The essence of the traditional martial arts is self-defence. With regular and diligent practice of tai chi and kung fu, you will develop practical skills that (Heaven forbid) you may need to use to defend yourself one day in an extreme situation. As unlikely as this potential situation might be in this day and age, surely it’s preferable to be able to protect yourself and your loved ones than face the alternative consequences.
Mind you, at WCA we expand greatly on this rather narrow view of self preservation.
Whenever anyone thinks about self defence, images of heroically saving themselves from the attack of an imaginary opponent are often conjured up but what about if you view that opponent not as someone trying to steal your wallet or break into your house or getting into your face after spilling their pint but instead as the rigours of time and age.
Relatively speaking, it is quite unlikely that we will get into a situation that requires physical confrontation (that doesn’t mean you shouldn’t train for it!). However, it is a nailed on certainty that we are all going to get old, our joints are going to start aching, our muscles weaken and stiffen, we become more at risk of disease and illness, and so on. These are just facts of life.
They are also things that we can choose to defend ourselves from and I like to view this as a critical element of self defence!
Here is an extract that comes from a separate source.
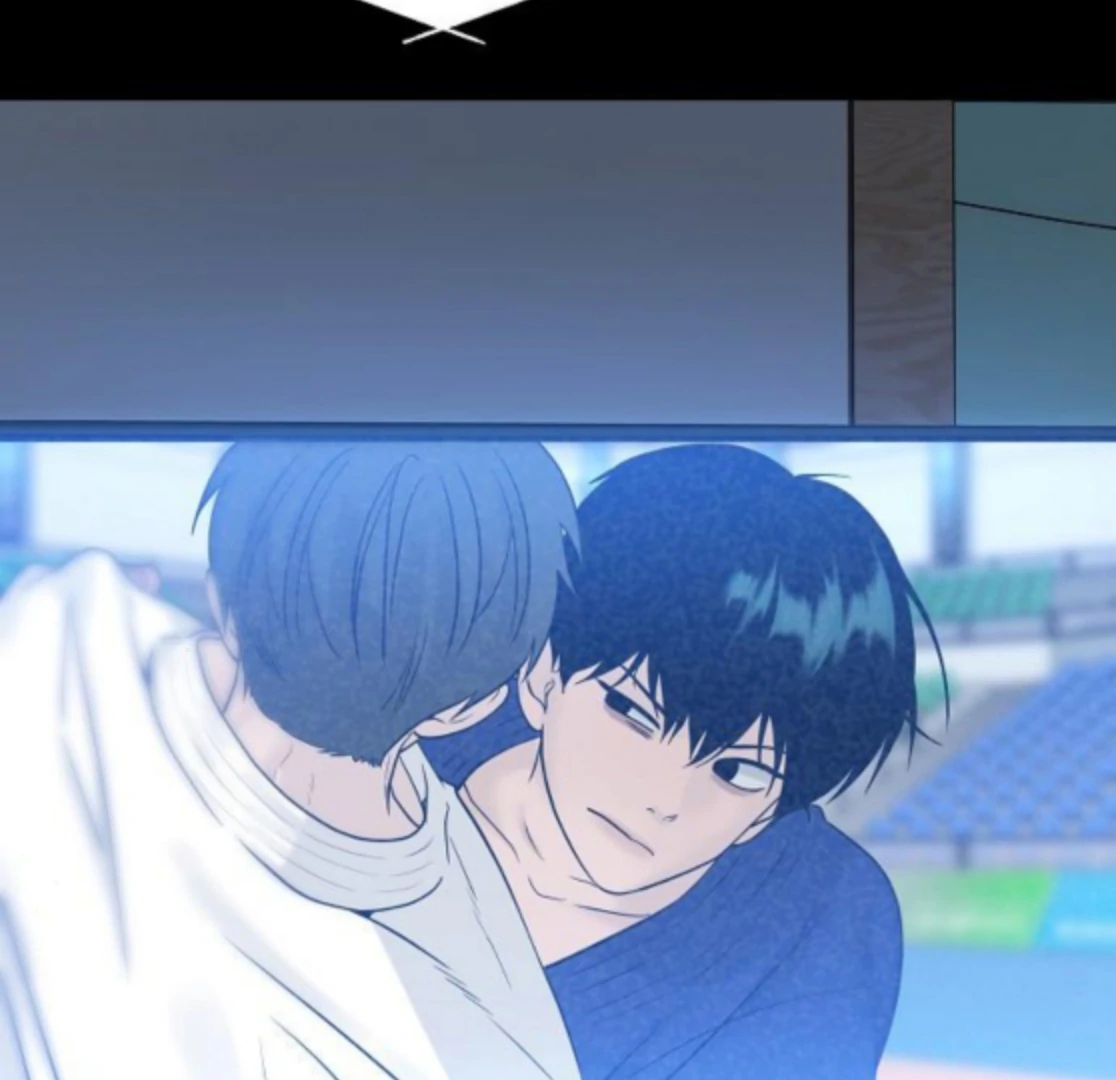 The Kind Intruder Chapter 18 - Page 6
After years (or sometimes even just months) of training in Tai Chi and/or Kung Fu, your muscles will have strengthened, you will be more flexible and mobile, your mental attitude should have shifted to be more positive with a greater level of self belief. You will have met likeminded people and made new friends. Your energy will flow better and you will be more resistant to illness. If you have previous injuries or conditions and you have trained correctly under a suitably qualified and experienced instructor, you will have seen improvements. Your balance will be better, making you less susceptible to falls as you get older and coordination will improve. The list goes on and on but you get the idea: self defence is a much bigger picture than it is usually presented as being.
Keep in mind that you are defending yourself by looking after all aspects of your physical and mental health. Writing as someone who has lost relatives close to them, as most of us have, this is absolutely the most important element of self defence. Who doesn’t want to metaphorically stick two fingers up to age and illness, spending more time able to enjoy our hobbies and activities as well as time with family and friends?